--- RAW DATA Enclosed Below ---
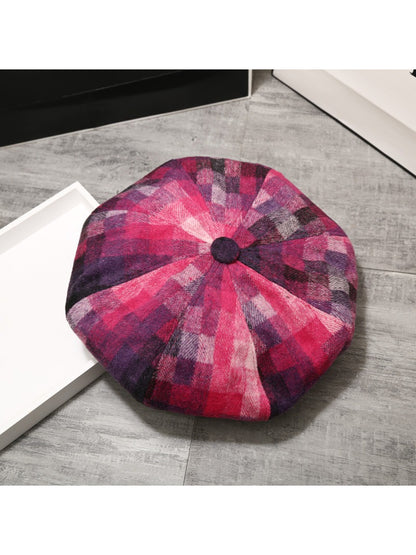 Haila - Colorblock Plaid Beret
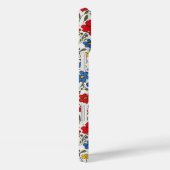 Blauw Rode en Gele Ditsy Bloemen Monogram Case-Mate iPhone Case (Achterkant / Rechts)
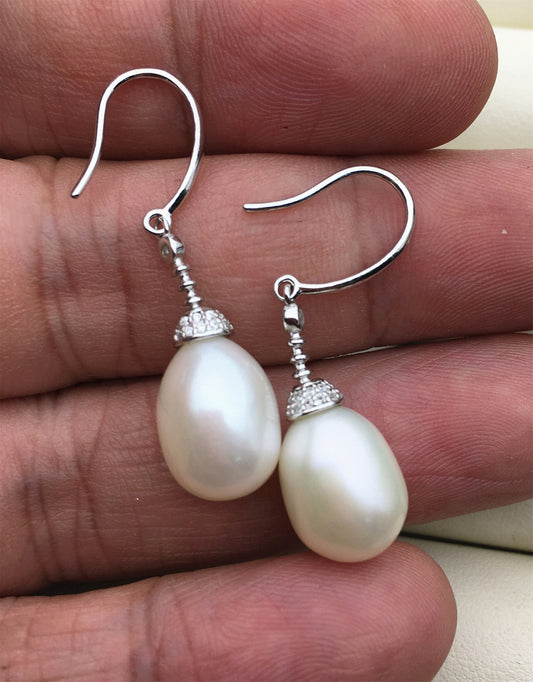 AAA 9mm White rice pearl cz dangle earrings, zircon S925 Sterling Silver pearl earrings, earrings for women for girl, SE3-051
--- End of Enclosed RAW DATA ---
• [WORK ITEM]:
The data above should be repeated exactly, minus any pictures.

• [ANSWER]:
 Haila - Colorblock Plaid Beret
 Blauw Rode en Gele Ditsy Bloemen Monogram Case-Mate iPhone Case (Achterkant / Rechts)
 AAA 9mm White rice pearl cz dangle earrings, zircon S925 Sterling Silver pearl earrings, earrings for women for girl, SE3-051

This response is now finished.